The State Bank of Pakistan (SBP) on Friday released its annual financial statement for the fiscal year 2020-21 that ended on June 30.

The report revealed that the central bank fully tapped the $4.5 billion-, or 30-billion-yuan, trade finance facility available under the China-Pakistan currency swap arrangement.

The financial statement said, “During the year, the overall limit of 20 billion yuan has been further extended to 30 billion yuan for a period of three years against the rupee with the maturity buckets of three months to one year. These purchases have been fully utilized as of June 30, 2021.”

It added that Rs26.1 billion interest was charged on the outstanding balance at agreed rates.

In rupee terms, the bilateral currency swap value increased from Rs476.6 billion in the preceding year to Rs748.5 billion by June this year – an increase of Rs272 billion in a single year, according to the central bank.

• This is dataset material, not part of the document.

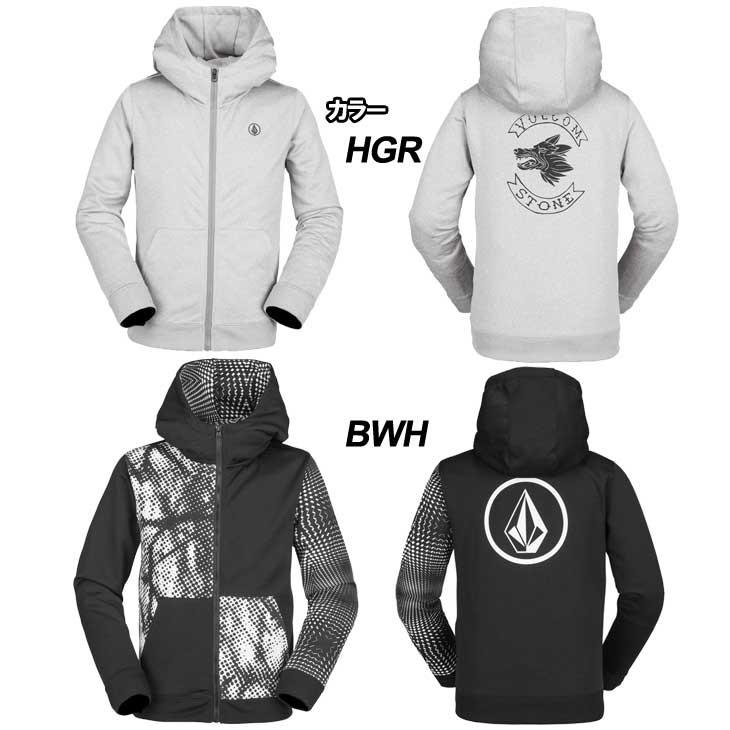 VOLCOM 18-19 volcom ボルコム キッズ パーカー スノーボード Grohman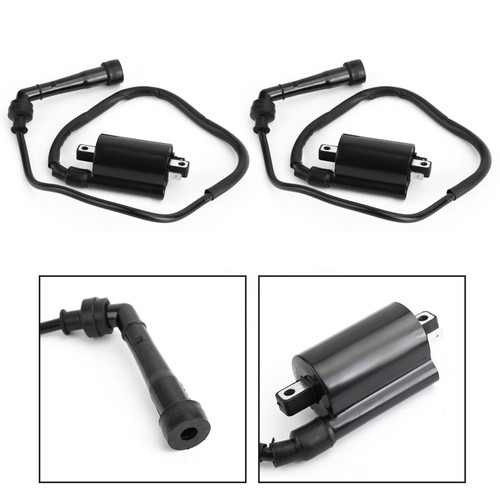 2x Ignition Coil for Kawasaki STREET BIKE EN500C Vulcan 500 Ltd 1996-2009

The SBP said that the interest-bearing component out of the Rs748.5 billion was Rs731 billion.

The use of Chinese trade finance facility

Pakistan largely utilized the Chinese trade finance facility to repay foreign debt and keep its gross foreign currency reserves at comfortable levels.

The $4.5 billion facilities are part of the SBP’s $17.1 billion in gross official foreign exchange reserves. China has also extended $4 billion worth of SAFE deposits, which are also part of the $17.1 billion reserves.

The trade facility, originally meant to promote bilateral trade in respective local currencies, has been used for paying foreign debt. In the fiscal year 2019-20, Pakistan paid Rs20.6 billion in interest on using the $3 billion facilities.

However, during the last fiscal year, the Chinese currency swap limit was extended to $4.5 billion after Pakistan approached China to help it repay the maturing Saudi Arabian debt.

In December last year, it was reported that Pakistan and China had agreed to augment the size of a 2011 bilateral currency swap agreement (CSA) by an additional 10 billion Chinese yuan or around $1.5 billion.

The benefit of this arrangement was that the additional $1.5 billion Chinese loans would not reflect on the books of the federal government and it would not be treated as part of Pakistan’s external public debt.

Saudi Arabia had provided $6.2 billion worth of financial packages to Pakistan for three years in 2018. This included $3 billion in cash assistance and $3.2 billion worth of annual oil and gas supply on deferred payments.

But the Kingdom had claimed back its money ahead of schedule. Pakistan was paying 3.2% interest on the $3 billion facilities, according to the information that the Ministry of Finance shared with the National Assembly.

Pakistan had returned the Saudi Arabian loan after taking an equal amount of loan from China.

Saudi Arabia has now again extended a $4.2 billion financial package for one year on the same terms, Finance Adviser Shaukat Tarin said on Wednesday.

The Pakistan Tehreek-e-Insaf (PTI) government, like its predecessors, has failed to tap non-debt creating inflows, which has exposed the country to various risks. The exports are growing at a pace that is far lower than the imports while the foreign direct investment also remained stagnant for the past three years. The foreign remittances were the only non-debt creating source that was exceptionally growing well.

The existing $17 billion worth of official foreign currency reserves has largely been built through borrowing, including from private commercial banks.

The government has not been able to get the suspended $6 billion IMF program restored. The IMF and Pakistan were sticking to their positions however the fresh Saudi Arabian package of $4.2 billion has provided relief, reversing rupee depreciation by Rs3.7 to a dollar in just three days.

However, the sustainability of the rupee against the US dollar would depend upon whether the government finds some durable solution to its external sector problems or not.

The delay in restoring the IMF program could undermine program loans from the other two multilateral creditors, which were critical for maintaining the borrowed foreign exchange reserves at their current levels.

The SBP’s report stated that a bilateral currency swap agreement (CSA) was entered between the Bank and the Peoples Bank of China in December 2011 in order to promote bilateral trade, finance direct investment, provide short term liquidity support and for any other purpose mutually agreed between the two central banks.